I take kalms. My dd competes at be100 and I do get nervous, but more about her not doing well than falling off!! Grin

Guinefort · 16/04/2018 19:20

Thank you so much for your replies! I've never tried Kalms - will definitely get some 😂

The sports psychology suggestion is fab thank you - I will definitely look into that.

I think a lot of it does stem from not being a rider myself and the fact that I am living my dreams vicariously through my children! I suppose I feel that I have actively encouraged them into this sport (because I never had the opportunity myself) and if they get hurt it will all be my fault.

I am also quite competitive so whilst beating myself with worry about the "what ifs" I also want them to do well and win ha ha so that doesn't help with the nerves either! God I wish I could just do it for them 😂

OP posts:
tootsietoo · 17/04/2018 11:11

I think it's about feeling confident that you have mitigated the risks as far as you can. I know that the ponies we have are the safest I could find (experienced, clever, v. careful, hate touching fences which is important if eventing!) and the children have had all the instruction they could have for the level they are doing. Those things help me to feel less worried. I understand what you mean about the what ifs though. They pop into my head every so often and I squash them as quickly as I can! I do watch some other people's children and metaphorically cover my eyes because they are sailing so close to an accident and the parents don't seem to see it. I agree with RatherbeRiding that it helps to be a rider because it helps you to understand what is achievable and what isn't and what's dangerous and what isn't.
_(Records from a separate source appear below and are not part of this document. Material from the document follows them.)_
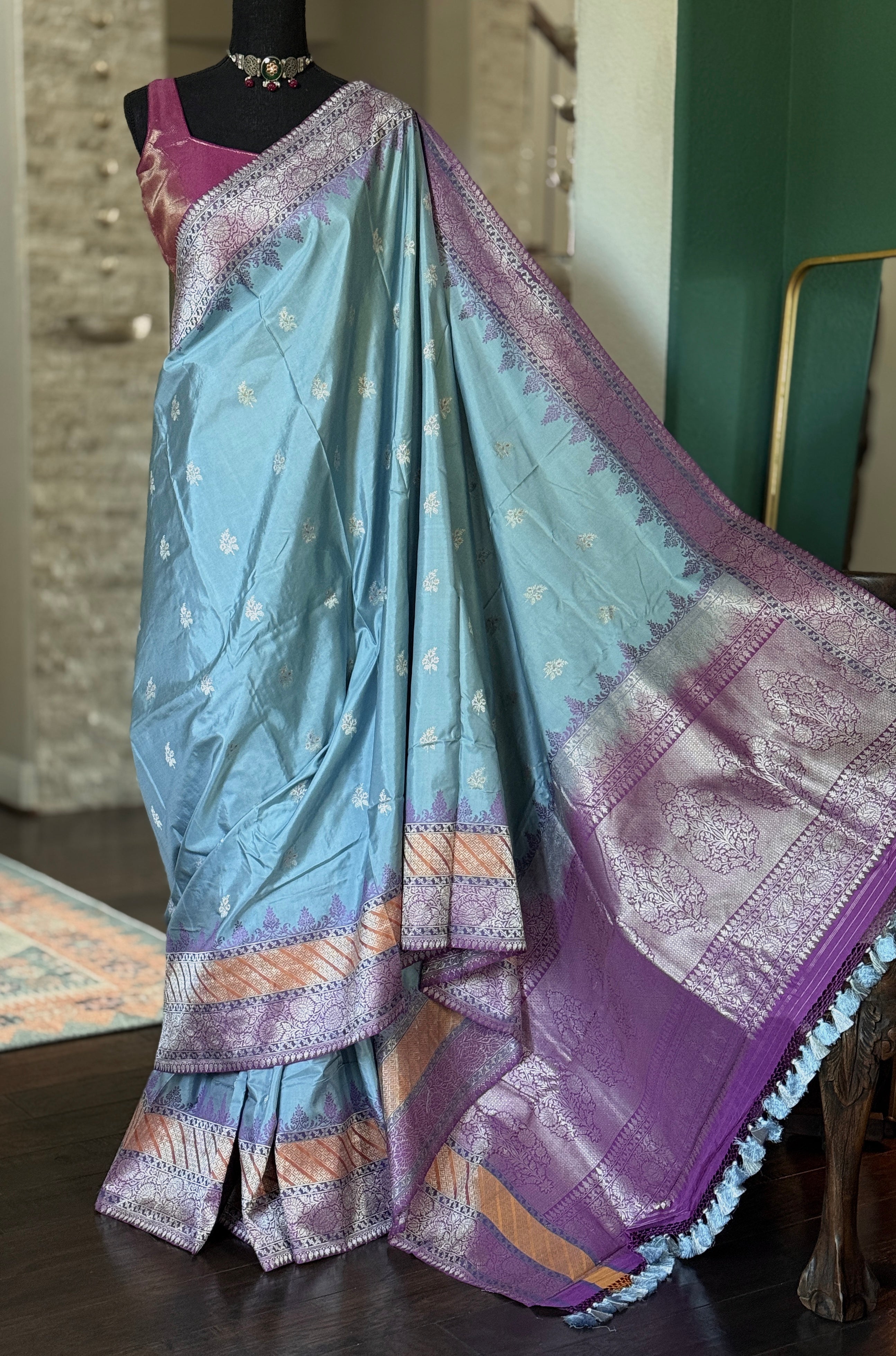 Pure Silk Katan Banarasi- Light Blue Kadhua Antique Silver Zari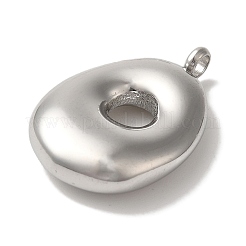 変色しない304ステンレススチールペンダント  バルーンレターチャーム  ステンレス鋼色  アルファベットのO  25x16.5x6mm  穴：2mm&nbsp;STAS-M017-08P-16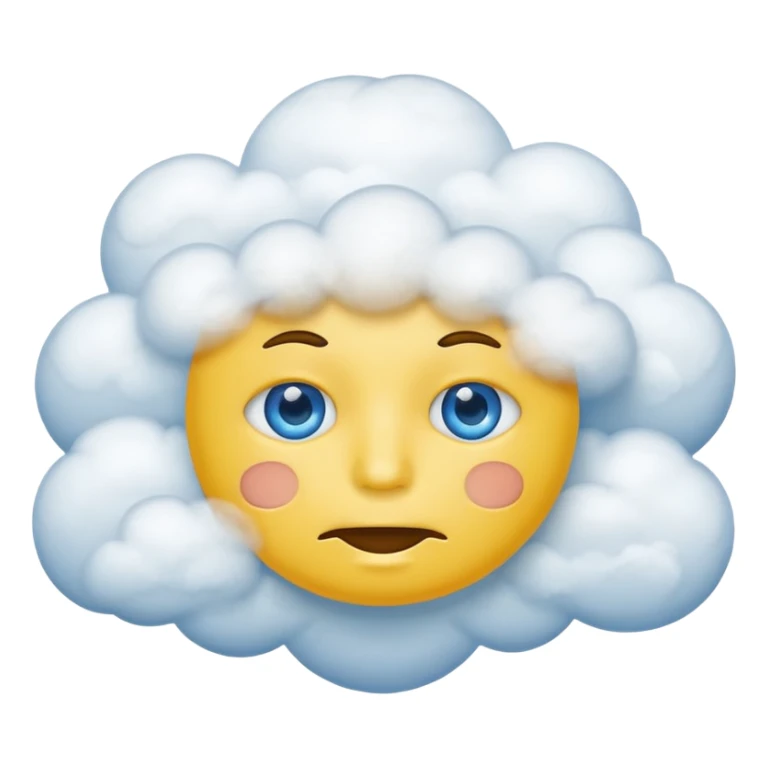 Yellow circle face covered in clouds cover a mouth add clouds on face sticker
Your younger one's nerves probably haven't come directly from you - some people get nervous, some don't. Maybe they don't enjoy the pressure of competition? I bought my horse from a family whose daughter had given up SJ because she didn't like the pressure, but she went drag hunting instead - far more scary in my opinion! But no competition pressure. They can still enjoy their ponies doing other things - fun rides? La Trec? Mounted games? Maybe you all need to try a few other horsey activities to take the pressure off all of you, and it might help your nerves!